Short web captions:

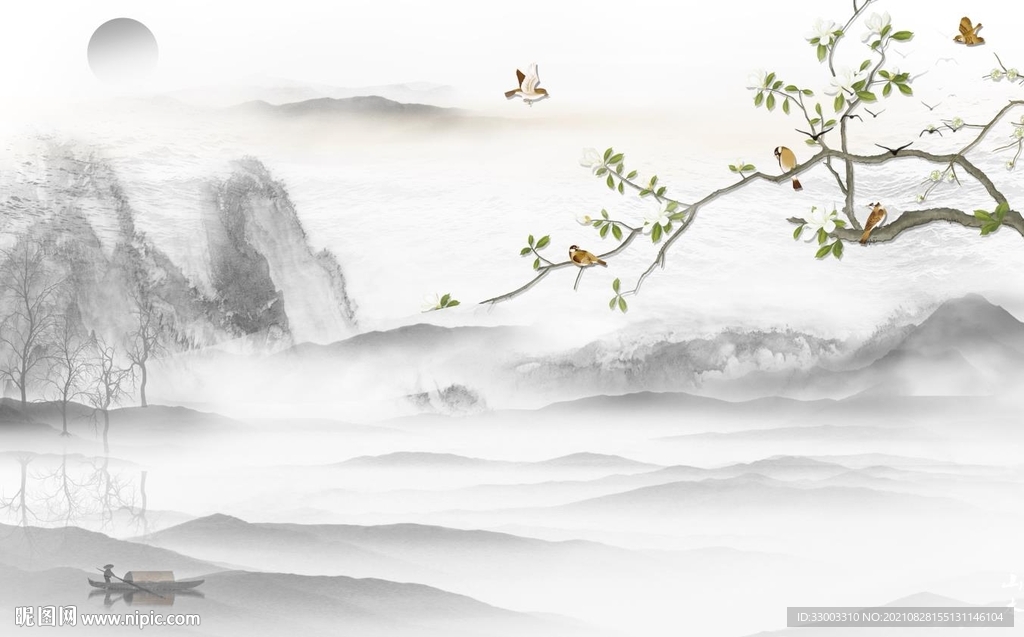 新中式山水背景墙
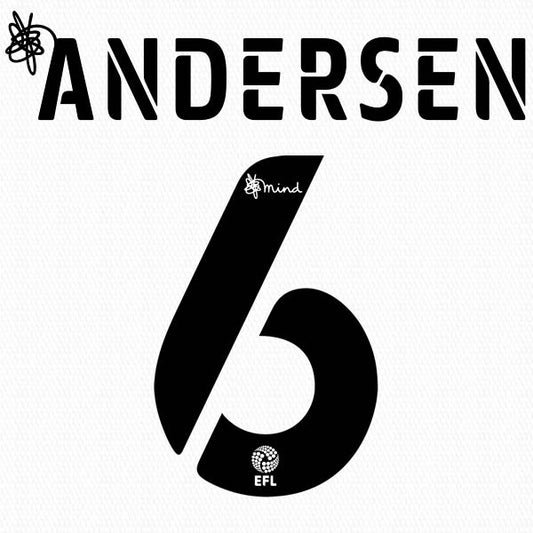 BARNSLEY 2020 2021 OFFICIAL ANDERSEN 6 AWAY PLAYER SIZE NAME SET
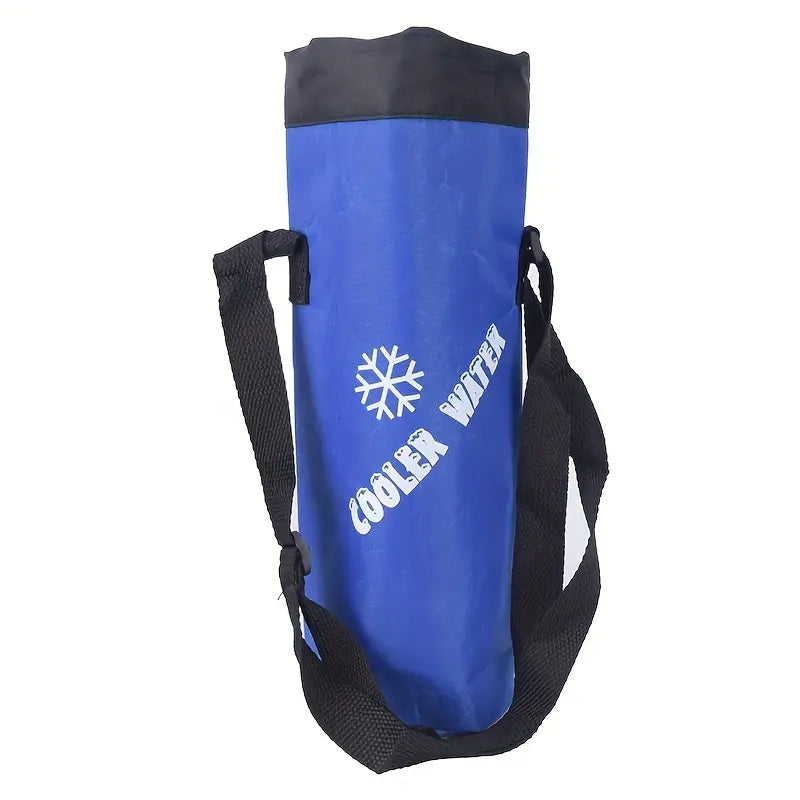 Blue Portable Drawstring Water Bottle Pouch Insulated Cooler Bag - Large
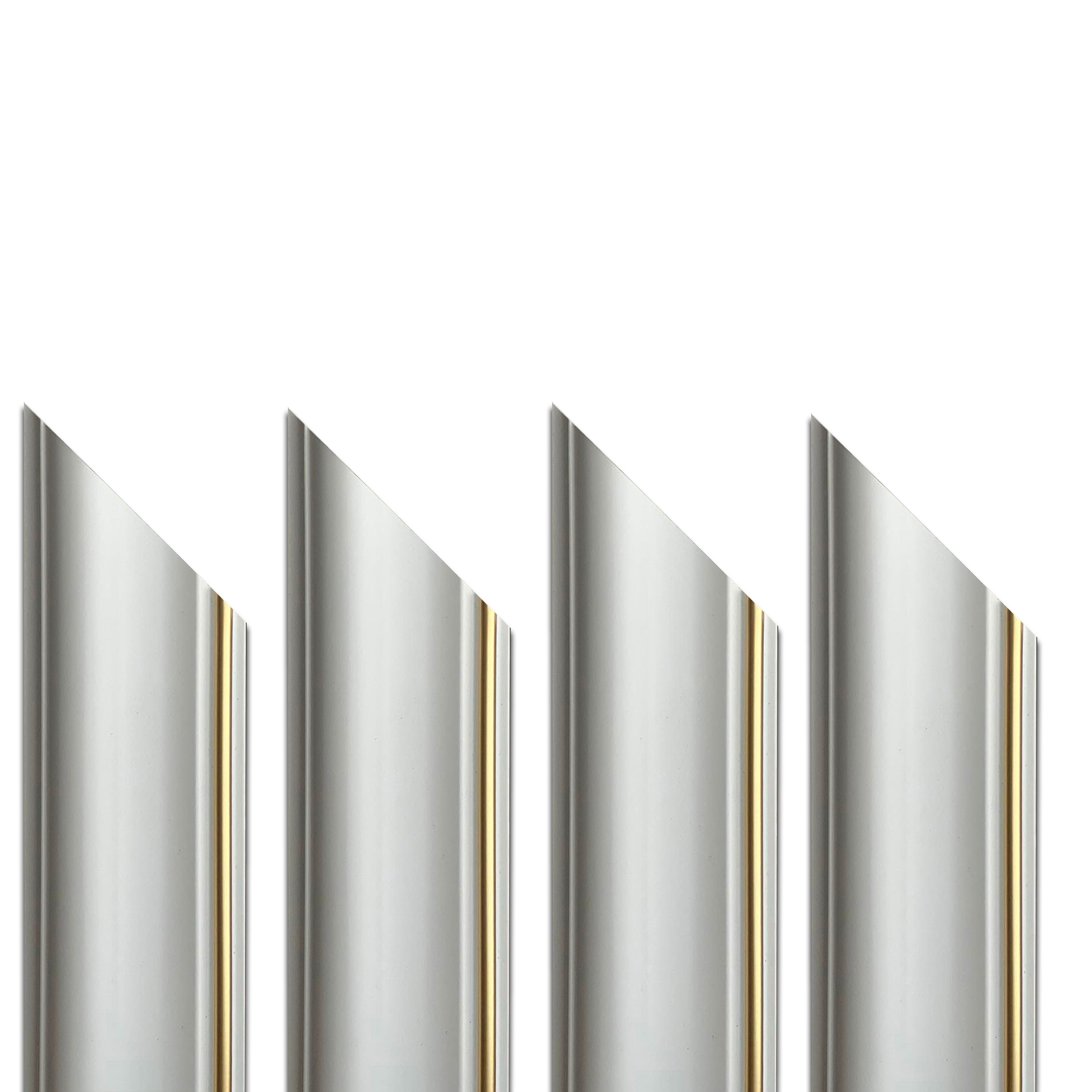 4 barre intere PRETAGLIATE AD ANGOLO per Bugna Boiserie in polimeri linea GOLD (filo oro) bianco Avorio 9010 varie dimensioni - 4 barre da 75cm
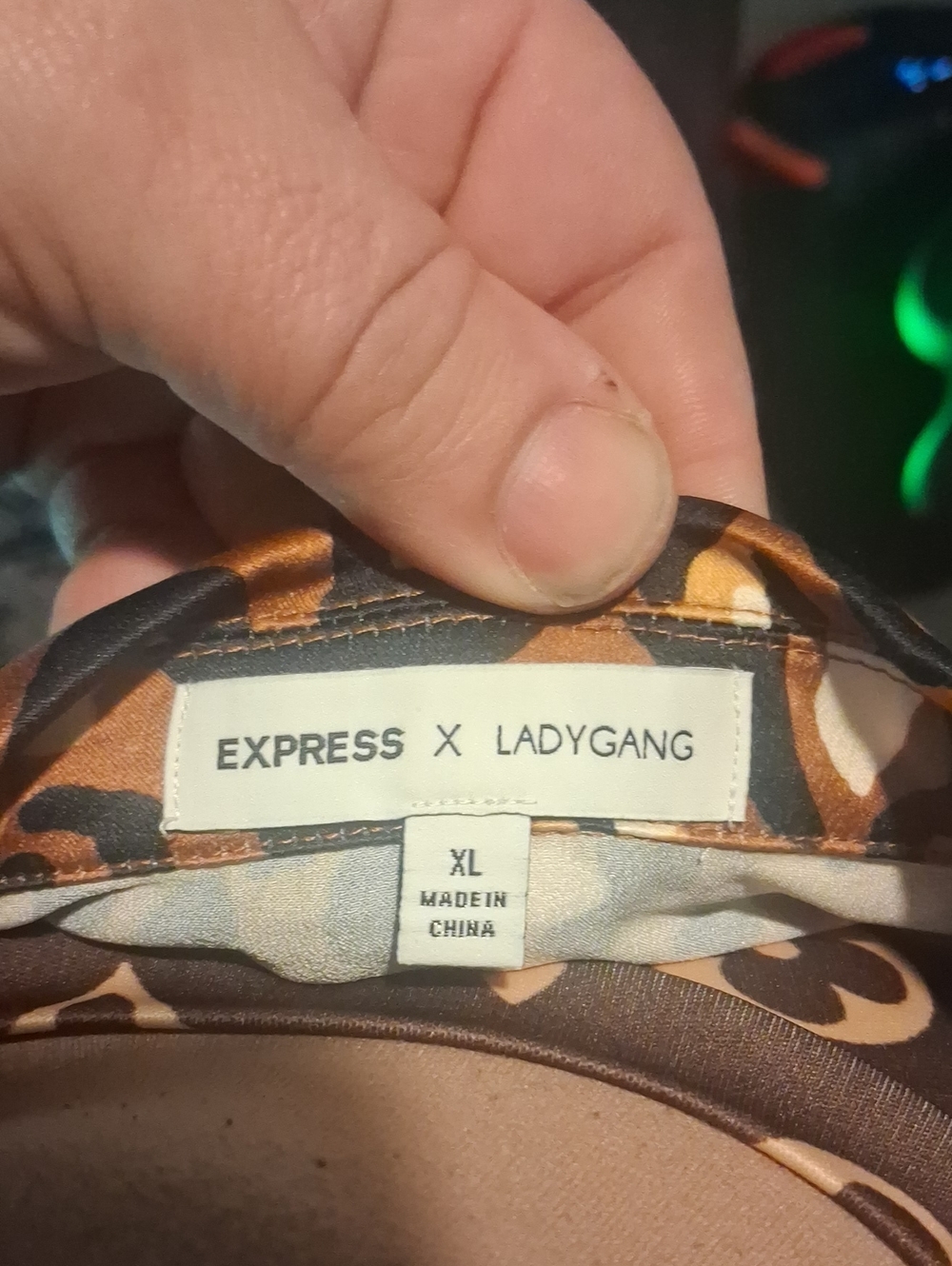 Express x Ladygang Leopard Print Pajama Style Button Down Blouse x Leopard Print - Picture 2 of 5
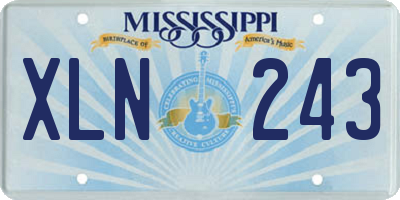 MS license plate XLN243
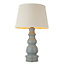 Luminosa Provence & Cici Base & Shade Table Lamp Blue Grey Glaze, Satin Nickel Plate & Ivory Linen Fabric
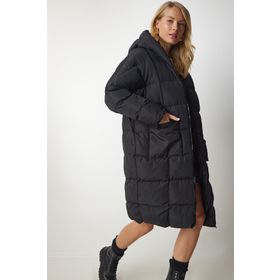 Happiness İst. HK00027 Siyah Kapüşonlu Oversize Şişme Kadın Kaban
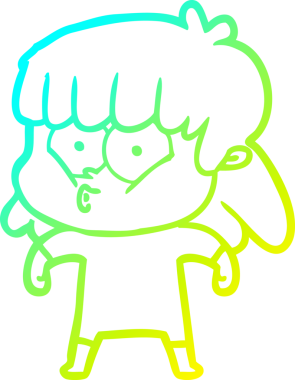 Bir insan tarafından çizilen ıslık çalan bir kızın soğuk gradyan çizgisi.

TASK DIRECTIONS: All of the data gets printed again exactly; the pictures do not.

ANSWER TO THE EXERCISE:
 新中式山水背景墙
 BARNSLEY 2020 2021 OFFICIAL ANDERSEN 6 AWAY PLAYER SIZE NAME SET
 Blue Portable Drawstring Water Bottle Pouch Insulated Cooler Bag - Large
 4 barre intere PRETAGLIATE AD ANGOLO per Bugna Boiserie in polimeri linea GOLD (filo oro) bianco Avorio 9010 varie dimensioni - 4 barre da 75cm
 Express x Ladygang Leopard Print Pajama Style Button Down Blouse x Leopard Print - Picture 2 of 5
 MS license plate XLN243
 Luminosa Provence & Cici Base & Shade Table Lamp Blue Grey Glaze, Satin Nickel Plate & Ivory Linen Fabric
 Happiness İst. HK00027 Siyah Kapüşonlu Oversize Şişme Kadın Kaban
 Bir insan tarafından çizilen ıslık çalan bir kızın soğuk gradyan çizgisi.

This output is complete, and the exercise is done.